**About this task:**
With the images excluded, set down every line of the listing below exactly.

**Provided data:**
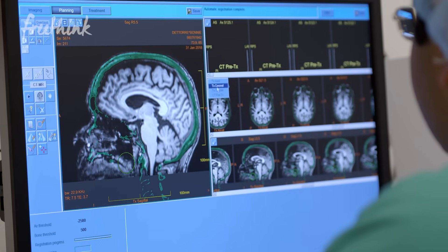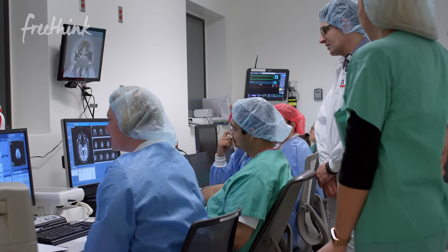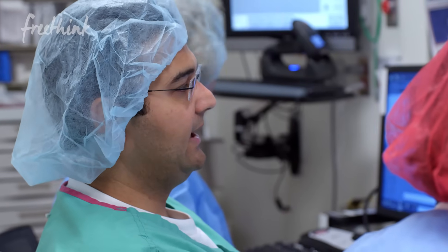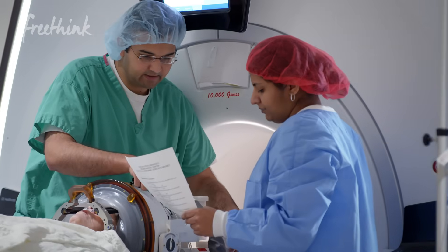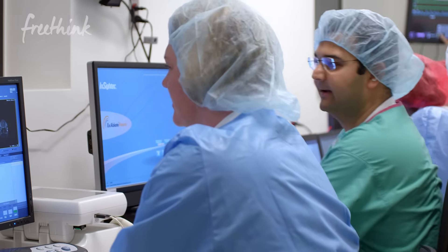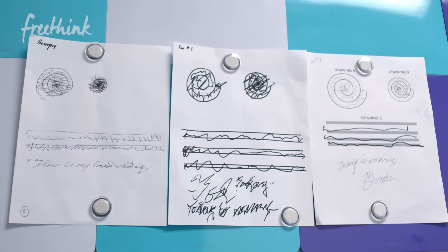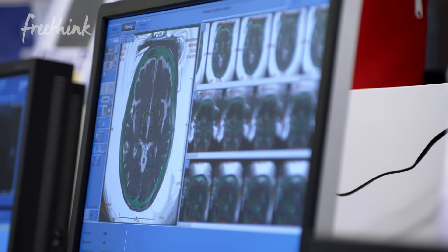We have low power, low energy ultrasounds getting to this target so that we can test and see how Bonnie is doing, how her tremor is doing, and if she's having any side effects. The surgeon has to be very careful because a small move in the wrong direction can really have significant implications for a patient's life. Once we were satisfied that the target in the brain was giving her tremor relief, we increased the energy slowly.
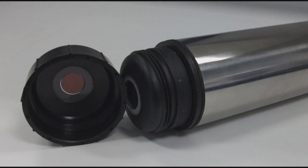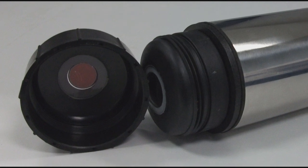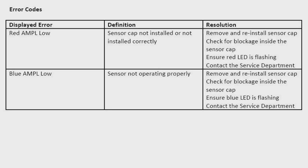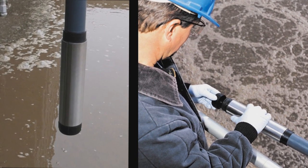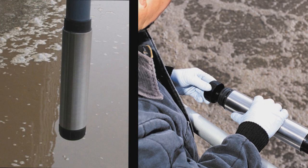In the majority of applications, your LDO cap will last for the defined two-year period. However, in some applications the LDO cap can wear quicker than normal. This will lead to a red amplitude low alarm appearing on your controller. If your sensor cap was previously working, this error message means that not enough light is being received by the photodiode in the probe, meaning there is not enough Lumafor on the cap to produce this light. This error should not occur until approximately 50% of the Lumafor is worn away from the cap. We advise you visually check the cap at this point to confirm the situation and, when confirmed, replace the cap.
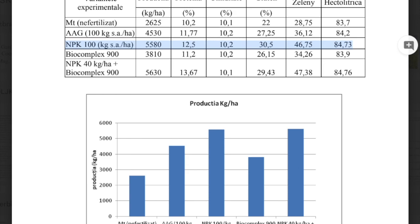In this video I would like to show you that seaweed extract is actually working. We had a test — this is the report on winter wheat. We have different parameters and different controls, but I would like to point out this one with MPK 100 kilos per hectare and MPK 400 kilos per hectare plus Biocomplex 900, which is an extract of seaweed Ascophyllum nodosum.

**Task output:**
We have low power, low energy ultrasounds getting to this target so that we can test and see how Bonnie is doing, how her tremor is doing, and if she's having any side effects. The surgeon has to be very careful because a small move in the wrong direction can really have significant implications for a patient's life. Once we were satisfied that the target in the brain was giving her tremor relief, we increased the energy slowly.
In the majority of applications, your LDO cap will last for the defined two-year period. However, in some applications the LDO cap can wear quicker than normal. This will lead to a red amplitude low alarm appearing on your controller. If your sensor cap was previously working, this error message means that not enough light is being received by the photodiode in the probe, meaning there is not enough Lumafor on the cap to produce this light. This error should not occur until approximately 50% of the Lumafor is worn away from the cap. We advise you visually check the cap at this point to confirm the situation and, when confirmed, replace the cap.
In this video I would like to show you that seaweed extract is actually working. We had a test — this is the report on winter wheat. We have different parameters and different controls, but I would like to point out this one with MPK 100 kilos per hectare and MPK 400 kilos per hectare plus Biocomplex 900, which is an extract of seaweed Ascophyllum nodosum.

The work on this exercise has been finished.